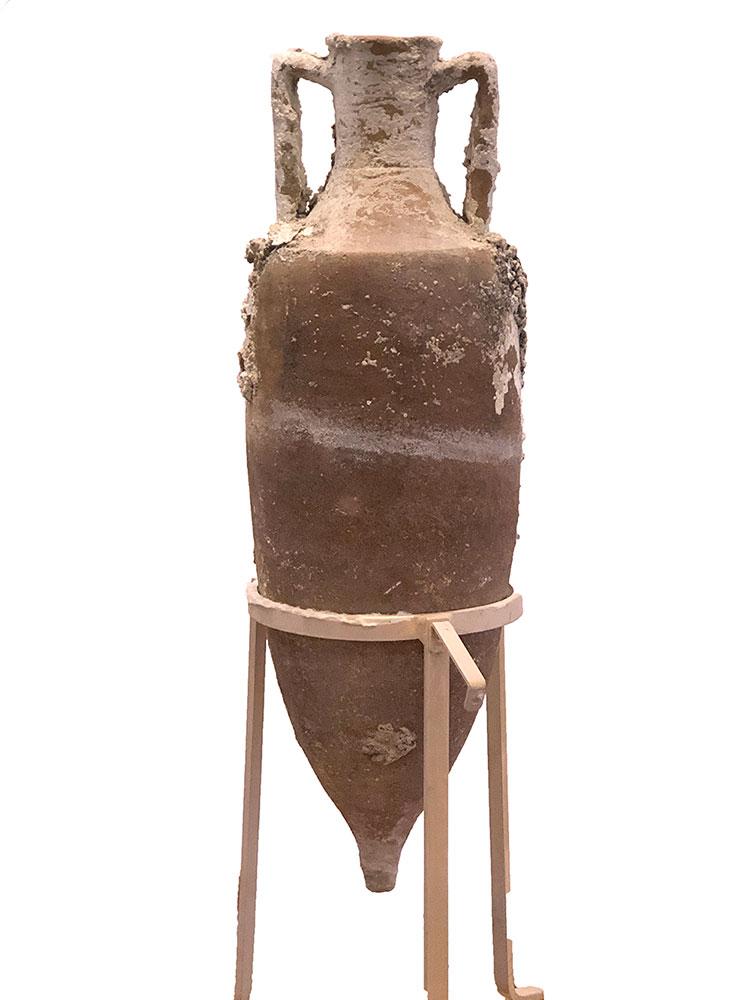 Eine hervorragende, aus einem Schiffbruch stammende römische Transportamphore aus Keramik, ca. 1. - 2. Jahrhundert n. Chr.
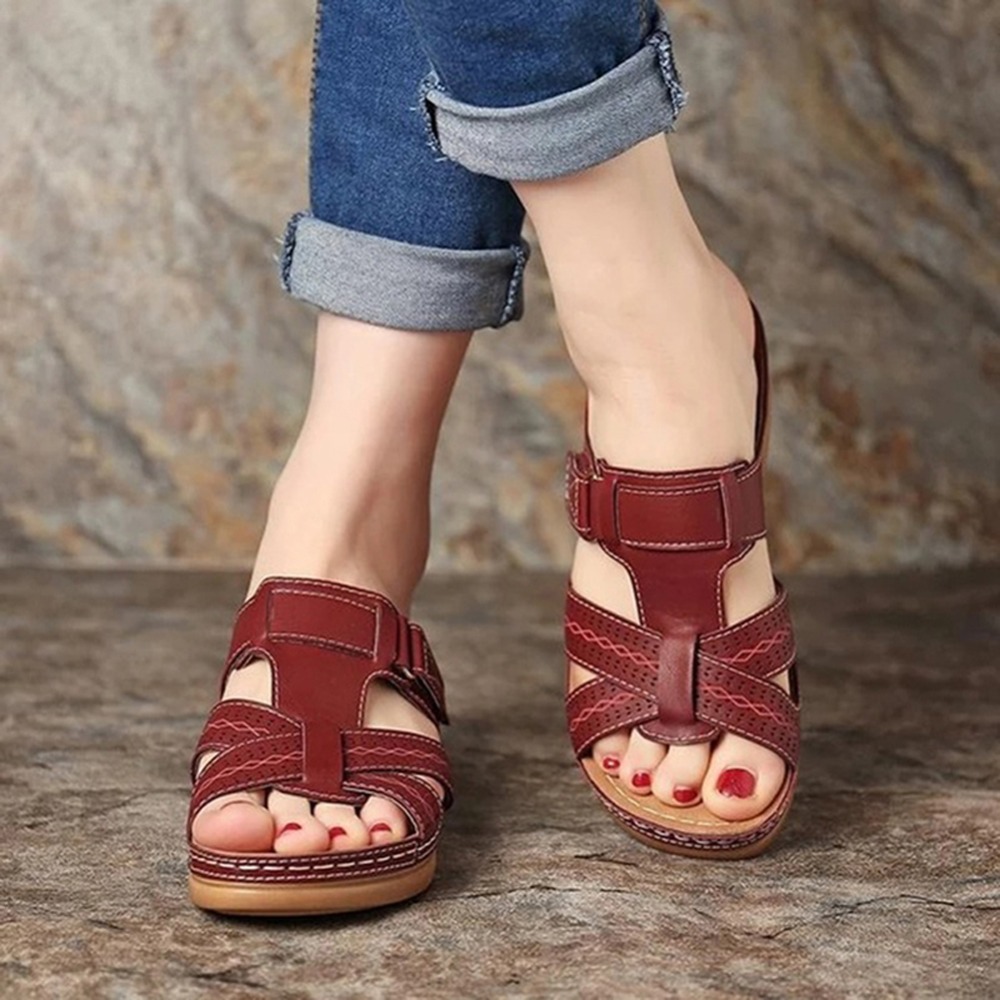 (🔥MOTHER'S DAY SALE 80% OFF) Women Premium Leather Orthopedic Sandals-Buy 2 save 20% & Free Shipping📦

================

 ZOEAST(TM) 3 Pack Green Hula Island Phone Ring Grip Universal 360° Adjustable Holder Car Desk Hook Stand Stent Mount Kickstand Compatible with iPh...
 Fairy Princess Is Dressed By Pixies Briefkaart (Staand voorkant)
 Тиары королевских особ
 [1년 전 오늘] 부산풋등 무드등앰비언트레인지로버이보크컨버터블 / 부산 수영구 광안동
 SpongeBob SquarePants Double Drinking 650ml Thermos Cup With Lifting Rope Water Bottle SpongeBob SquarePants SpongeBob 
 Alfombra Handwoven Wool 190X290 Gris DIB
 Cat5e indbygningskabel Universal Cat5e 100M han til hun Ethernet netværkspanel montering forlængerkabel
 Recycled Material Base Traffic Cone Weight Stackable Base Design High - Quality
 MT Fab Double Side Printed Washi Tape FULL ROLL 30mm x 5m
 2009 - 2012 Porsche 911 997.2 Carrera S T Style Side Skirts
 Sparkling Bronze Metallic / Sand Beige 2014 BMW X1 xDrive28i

================

## INSTRUCTIONS FOR THE TASK
Repeat, word for word, the lines above between the line holding "Cat5e indbygningskabel Universal" and the line holding "Sparkling Bronze Metallic", inclusive; omit everything else.

## SOLUTION TO THIS PROBLEM
 Cat5e indbygningskabel Universal Cat5e 100M han til hun Ethernet netværkspanel montering forlængerkabel
 Recycled Material Base Traffic Cone Weight Stackable Base Design High - Quality
 MT Fab Double Side Printed Washi Tape FULL ROLL 30mm x 5m
 2009 - 2012 Porsche 911 997.2 Carrera S T Style Side Skirts
 Sparkling Bronze Metallic / Sand Beige 2014 BMW X1 xDrive28i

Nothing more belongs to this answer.